Unpolished, undeveloped, but showing promise - 42%

iamntbatman, June 27th, 2013

This demo has to be one of the most flagrant examples of a solid concept wrecking itself like a train that suddenly hit a sweet, sweet ramp and careened directly into a puppy orphanage. One-woman black metal from the vast frozen northlands of...Michigan, but with a really nice foresty photo on the cover, nature-themed song titles that go beyond the genre standards to sound really enticing and track lengths that scream long-winded but powerfully epic.

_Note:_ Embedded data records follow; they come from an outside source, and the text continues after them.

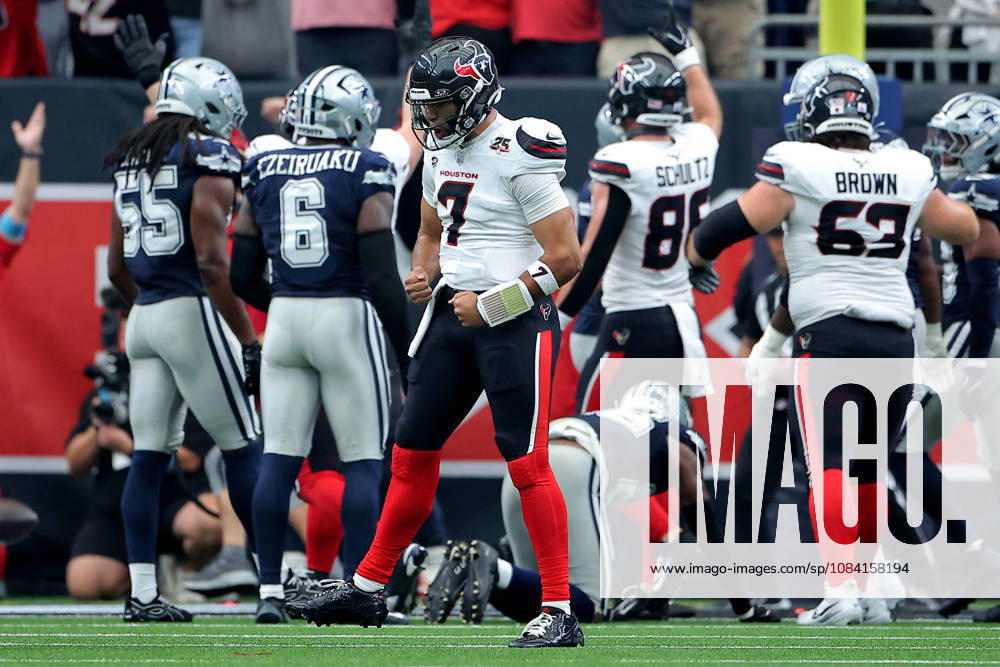 Houston, Texas, U.S: Houston Texans quarterback C.J. Stroud (7) reacts after a touchdown by running back Woody Marks (4, not shown) during the fourth quarter of the NFL, American Football Herren, USA regular season game between the Houston Texans and the Dallas Cowboys at Reliant Stadium in Houston, TX on October 4, 2026. NFL 2026 - Dallas Cowboys Vs Houston Texans - ZUMAw137 20261004_aap_w137_061
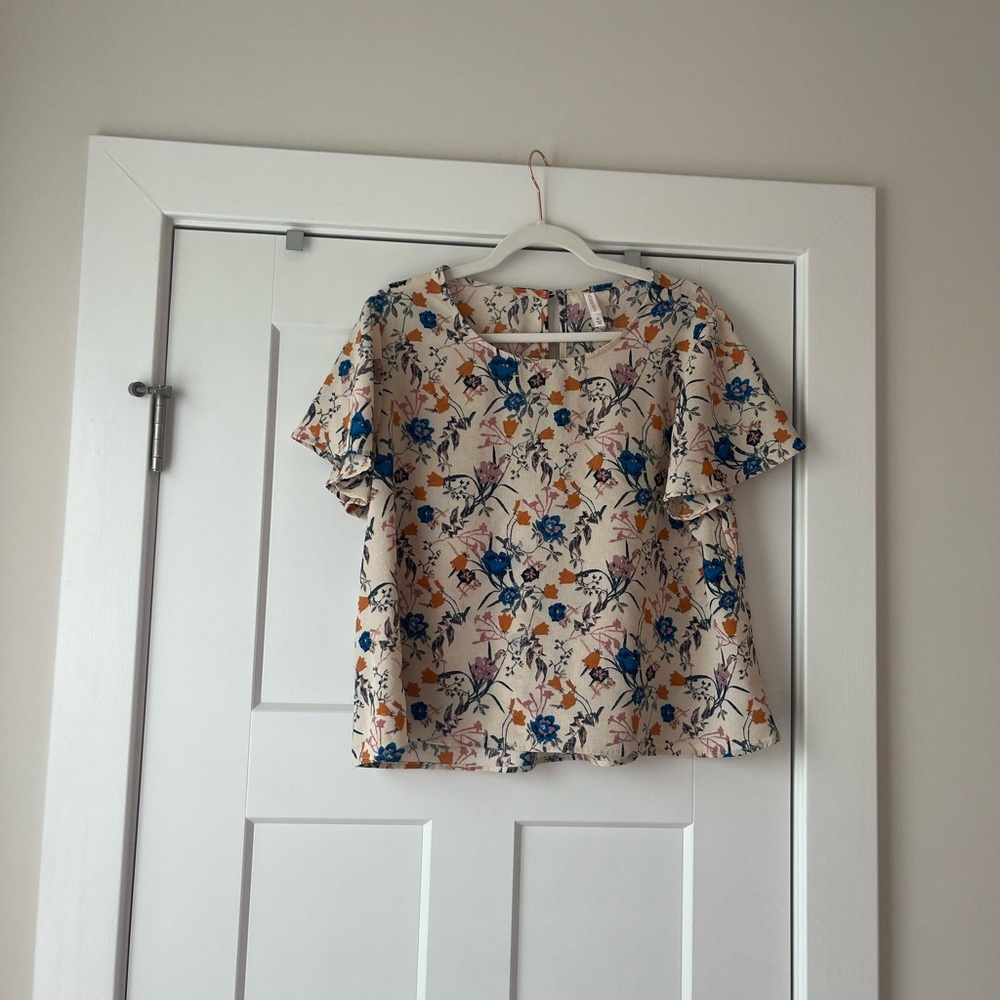 TARGET! NWOT! Top
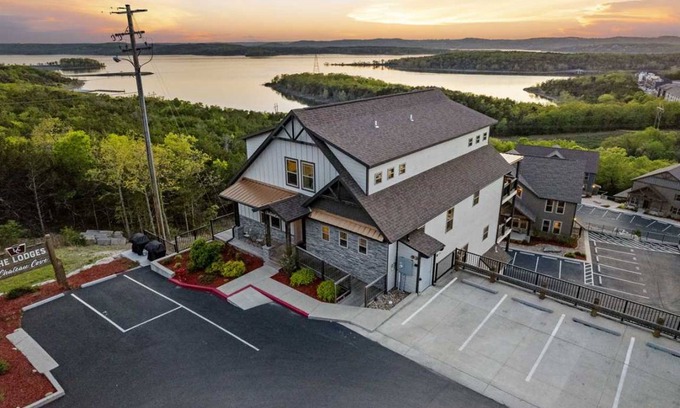 Table Rock House | 567 m² House ∙ 12 bedrooms ∙ 54 guests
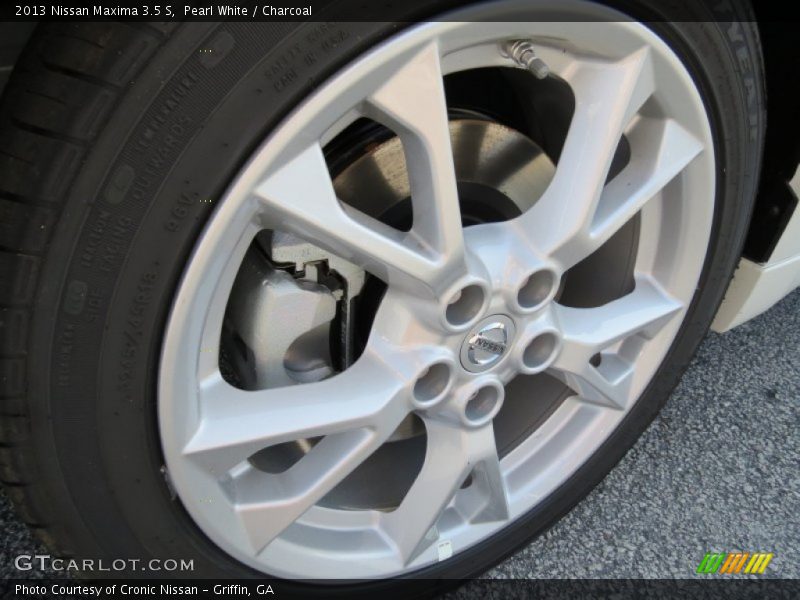 Pearl White / Charcoal 2013 Nissan Maxima 3.5 S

The demo starts exactly as you'd hope, with some calm acoustic strumming that brings to mind things like Ulver's Kveldssanger. And just as it gets going, BOOM. The shittiest, most heinously inappropriately programmed blastbeating drum machine charges its way in, crushing that acoustic guitar riff before it even knew what was happening. It literally cuts the riff off and shits all over everything. It's like a conclave of elves in a pine forest clearing slowly starting their homage to the stars above with soft strumming of their lutes before the angelic voices and cascading strings and harps comes in to take everything to a higher plane of existence, then a hippopotamus strolls in and takes a massive shit on all the elves. Ever seen a hippopotamus take a shit? Look it up on YouTube.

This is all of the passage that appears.